These principles are used in a variety of ways, with many kitchens featuring a pressure cooker: this is a special pressurized pan that increases the boiling point of water by increasing the pressure inside the vessel, thus speeding up cooking times.

Increasing pressure of a gas can also turn it back into a liquid, as is the case with for example liquefied petroleum gas (LPG) which is generally stored in pressurized containers. Similarly, in the case of liquefied natural gas (LNG), natural gas is gaseous at atmospheric pressure and room temperature, but is a liquid at -162°C, with some level of pressure above that atmospheric pressure also required. LNG superseded purely pressure-based storage methods in the form of CNG, which requires pressures over 200 bar (>20 MPa).
What we’re trying to do with heating up 3D printer filament and bags of forbidden candy is thus to increase the energy in the system, bringing it closer to the point where the trapped moisture can overcome the vapor pressure of the surrounding air and escape. Logically this means that if we can reduce the surrounding pressure by removing as much of the atmospheric gas as possible, this moisture can escape significantly easier.
Essentially what we need is a pressure cooker, just one that reduces pressure.
Inverted Pressure Cooker
The relation between pressure and temperature as far as the vapor pressure of water is concerned is well-documented. Intuitively at 0 Pa water will boil off practically instantaneously, as there is no vapor pressure from a surrounding atmosphere. The question for our purposes is however just how much we need to reduce the pressure to make a difference, i.e. how deep of a vacuum we need.

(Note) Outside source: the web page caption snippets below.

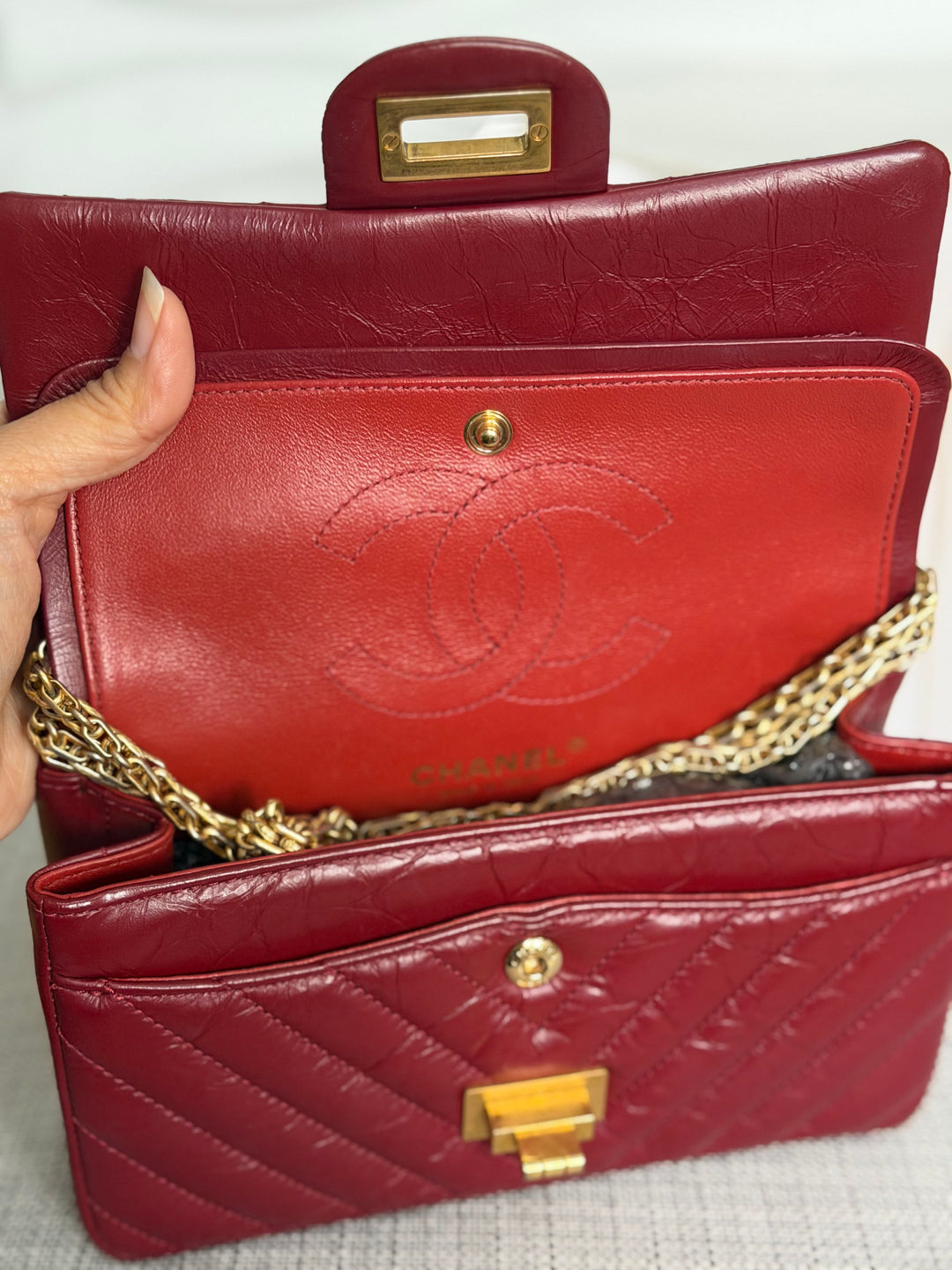 CHANEL 16A collection 2016 Series 23 Burgundy Calf skin Chevron Mini Reissue Flap Bag with Aged GHW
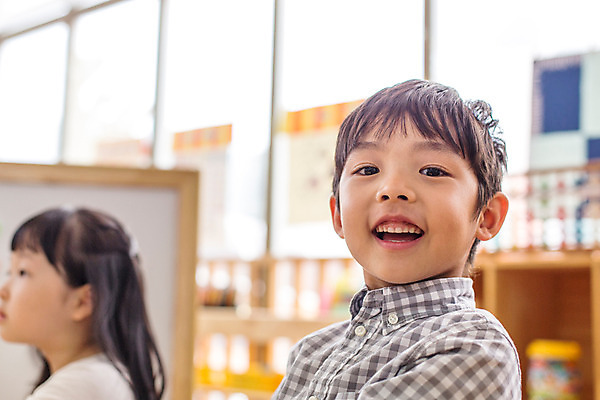 포토 JPG 여자 남자 어린이라이프 어린이 모션 실내 미소 사람 앉기 동양인 상반신 두명 앞모습 유치원 유치원생 한국인 즐거움 어린이만 국내포토 라이프스타일 교육 감정 뷰포인트 표정 인종 내부 파일형식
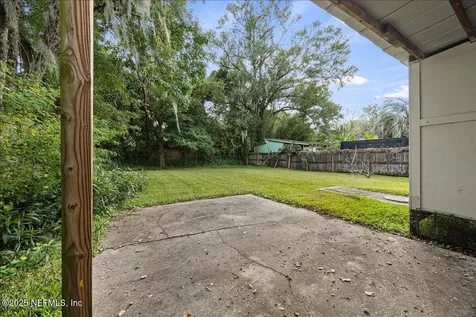 5362 Shen Avenue Jacksonville FL 32205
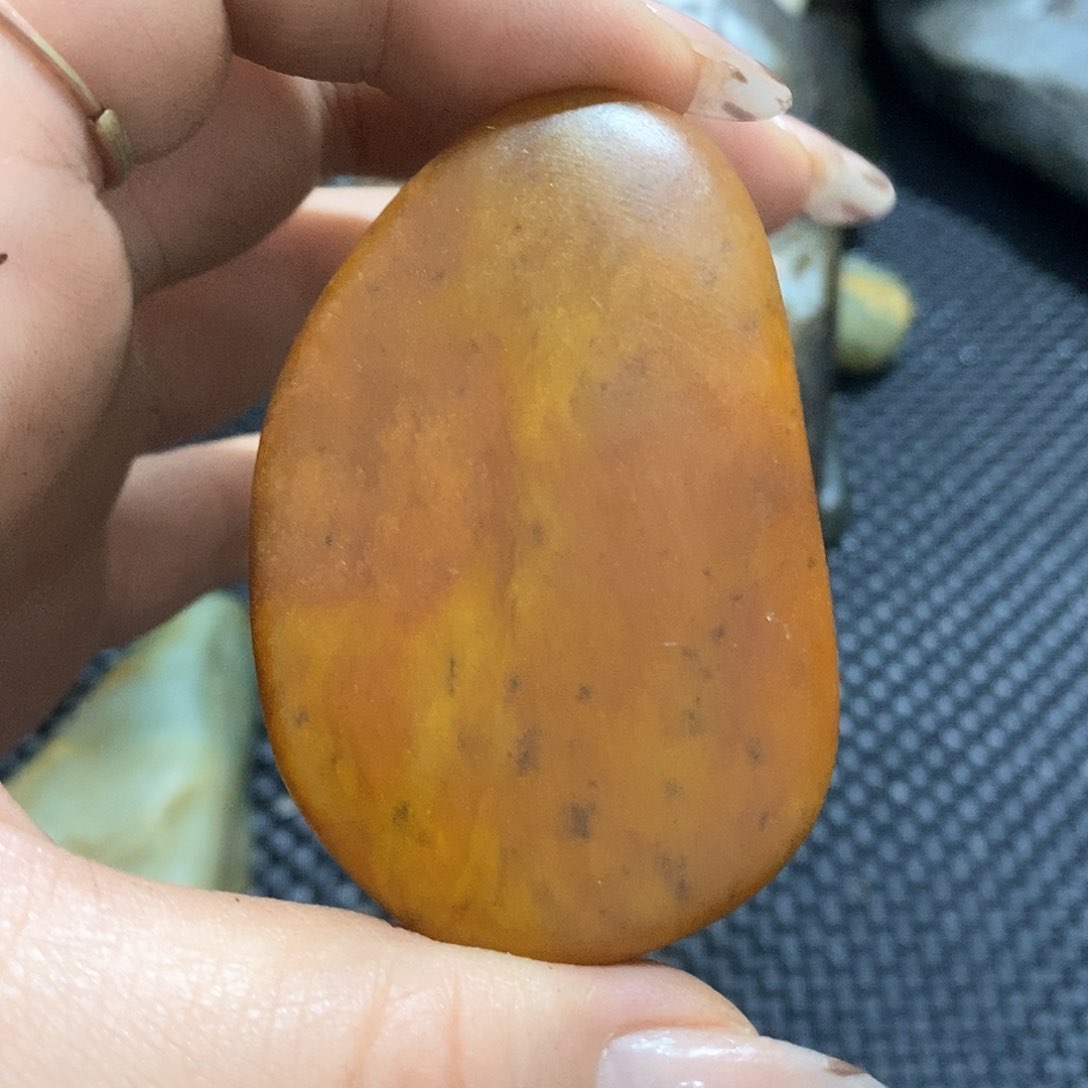 未镶嵌和田玉（糖玉）挂件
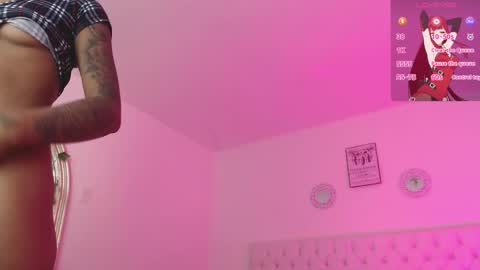 Snapshot of _miia_sweet chatting on September 2025 11:33:02 AM Paula online show from September 2025 11:33:02 AM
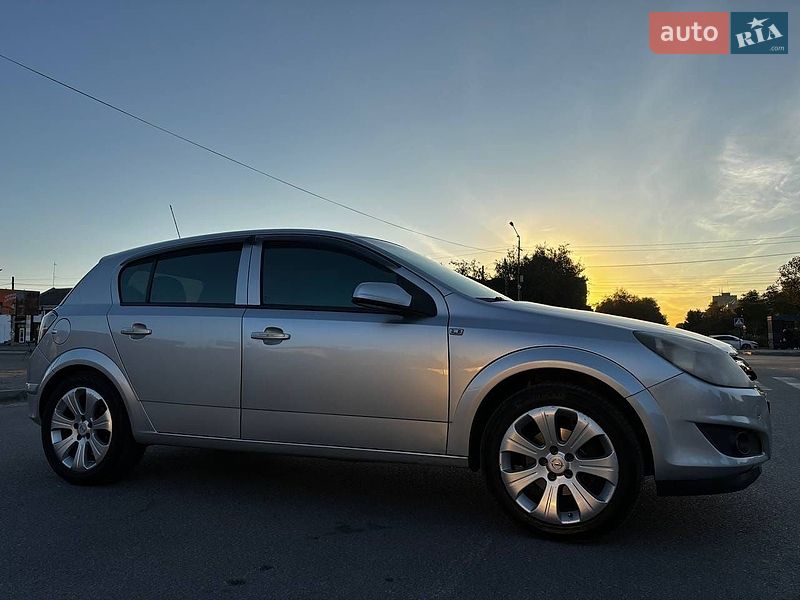 Хетчбек Opel Astra 2011 в Павлограді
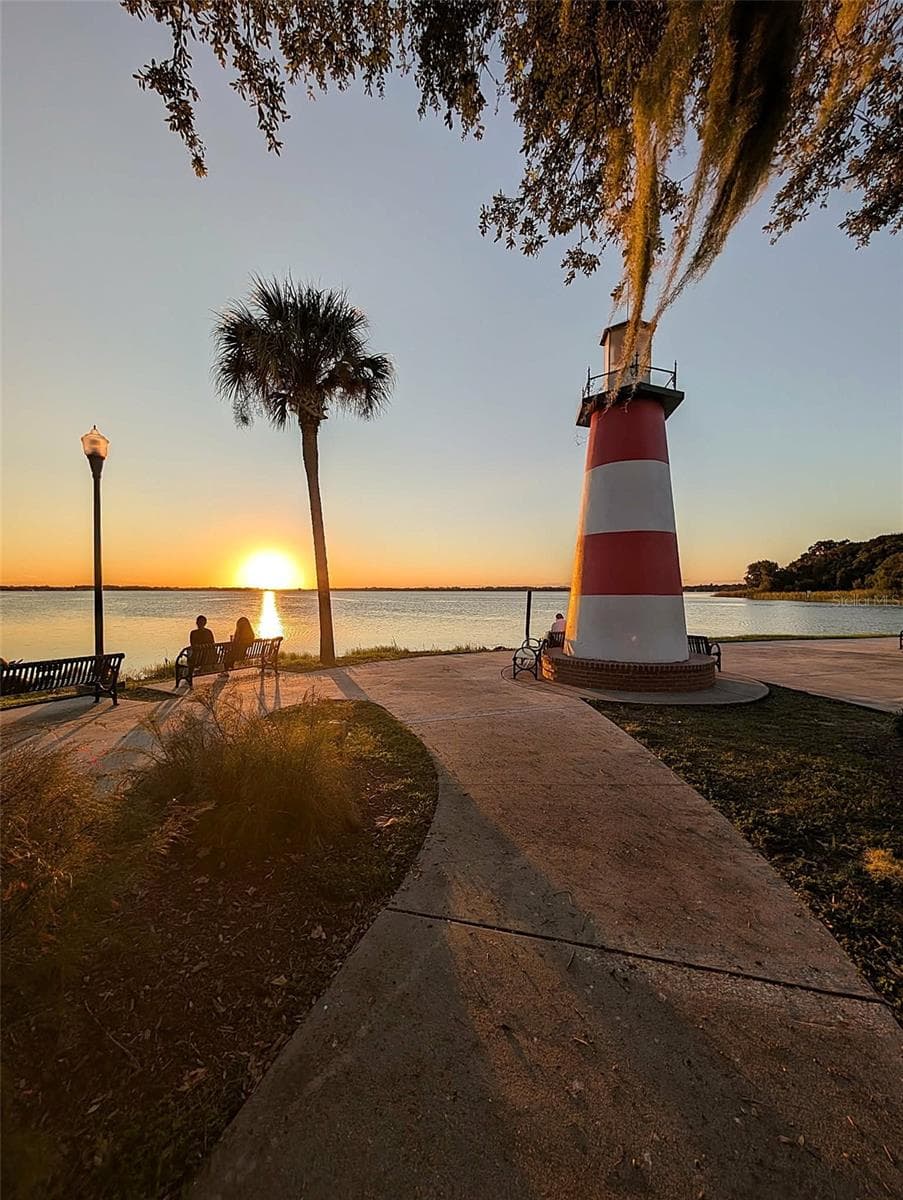 Stoll to the Mount Dora Light house to enjoy the sunset. - 731 LIBERTY AVE, MOUNT DORA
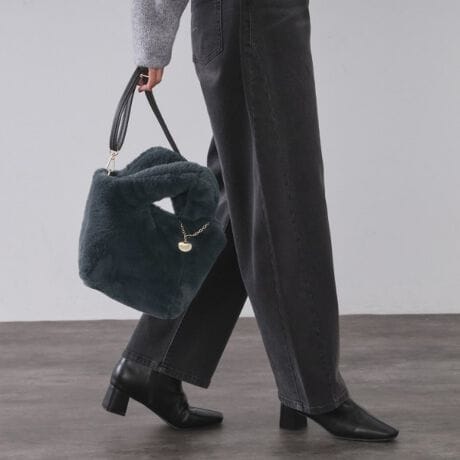 [^ԁFC7114066]H~[h܂tFCNt@[ANZT[oŊy߂V_[obOEfUC̃~hTCYg[gobOBEi؂₩Ȉۂ̖ё̒tFCNt@[gpBEO\ȃOV_[t2WAYdlBE500mlybg{g܂TCYBE|Pbgtŏ̎dɕ֗łByfUCzё̂{[Ղ̃tFCNt@[gp2WAYV_[g[gobOłBO\ȍfނ̃OV_[tŁA2WAYdlȂ̂|CgBVNX^COɍ킹₷J[𒆐SƂ4FWJŁAÂȂ肪ȏH~R[fɃghvX܂B`R[O[ŏnTɂAJuEItzCgŏ_炩GߊoĂA~gO[ŃX^CÕ|CgɂĂBgpƂ2F₨FBւ̃v[gɂ߂łB2WAYtFCNt@[ydlzE|PbgF~1Ɩ̊֌WɂAۂFČꍇ܂B܂Ap\REX}[gtHȂǂ̊ɂA኱iƉ摜̃J[قȂꍇ܂Bd:280g(TvTCY)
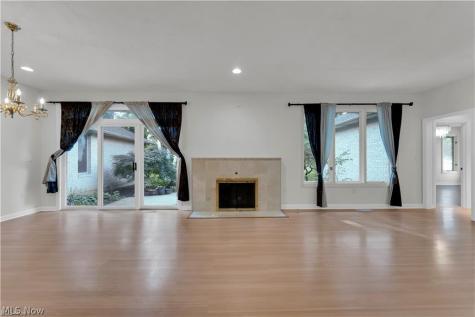 416 Castle Pines Drive Akron OH 44333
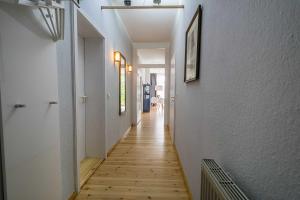 赛巴特班森Ferienwohnungen Proll的走廊上铺着木地板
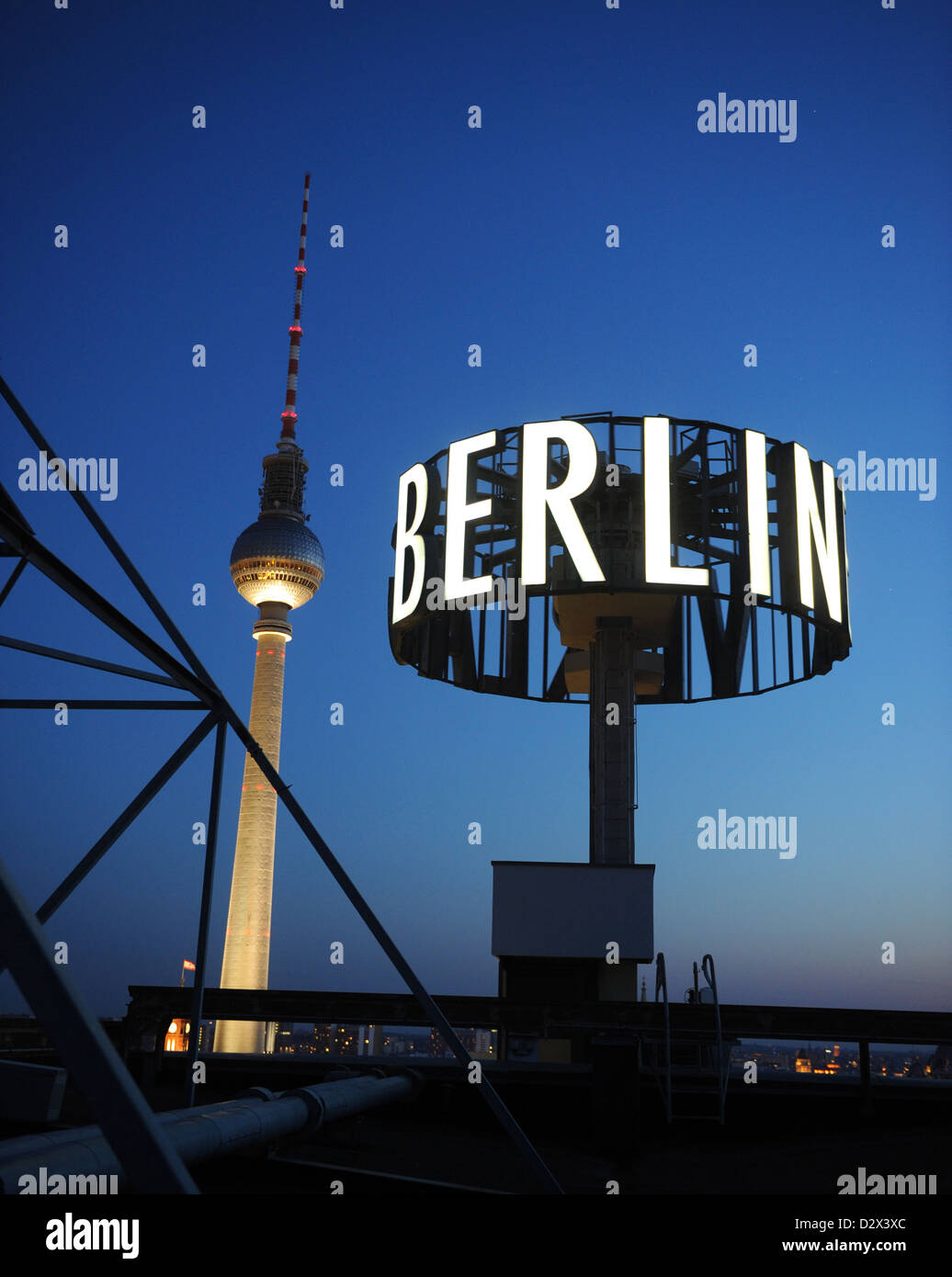 Berlin, Deutschland, Leuchtreklame mit dem Wort Berlin TV tower im Hintergrund d Stockfoto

Looking at a relevant graph, such as this one from the Engineering Toolbox site, we can see that the relationship between pressure and temperature is fairly linear below atmospheric pressure at sea level at 100 kPa (1 bar). Rather than trying to hit some arbitrary point on this curve, we should instead look at what off-the-shelf options we have available that may work for us here.
Since there’s no need for us to hit some kind of ultra-high vacuum, it would be plenty to hit something below 1 kPa, which is absolutely achievable with even a consumer-grade roughing pump like a rotary vane pump. This type of pump is commonly used for silicone and resins in hobbyist applications, making it a solid first target. Theoretically these can vacuum dry filament and more at room temperature.
Another option we have are diaphragm pumps, which come in piston- and eccentric variants. These have the advantage of not requiring oil, and do not produce vaporized oil on their output that has to be captured or vented. They do not hit quite the same vacuum levels as rotary vane pumps, but they can be quite easily staged to improve the final vacuum.
Hot Or Not
Even with most of the gases evacuated around the material that we’re trying to extract moisture from, we still have the option to add thermal energy to hurry the water molecules along. If, for example, we can only hit a pressure of around 100 mbar, we would still need to raise the temperature significantly above room temperature to get the intended effect.
Even with the same PTC-type heater as used in off-the-shelf filament dryers, we could still save significant power and time as now the boiling temperature of the trapped water is less than 50°C. Whether or not this is a very significant difference is something which can be ascertained experimentally after we first get a baseline on what difference just changing the environmental pressure makes.
Thus, all that remains is obtaining some data by firing up a gaggle of vacuum pumps and writing down the results.
Running Experiments

The most straightforward experiment involves the use of a budget rotary vane pump and associated vacuum chamber. Here I picked up a Vevor 3.5 CFM single-stage rotary vane pump (model KQ-1K) rated for 150 Watt along with an 11 L vacuum chamber. Unfortunately the first pump that I received was defective and sounded like someone had lost a bag of spanners inside it while running, while only hitting a sad final vacuum of ~400 mbar.
Fortunately the replacement unit seemed to work a lot better and hit -1 bar on the chamber’s vacuum gauge along with a happy burst of nebulized oil from the pump’s air-oil separator. It was finally time to load up the chamber with some wet things.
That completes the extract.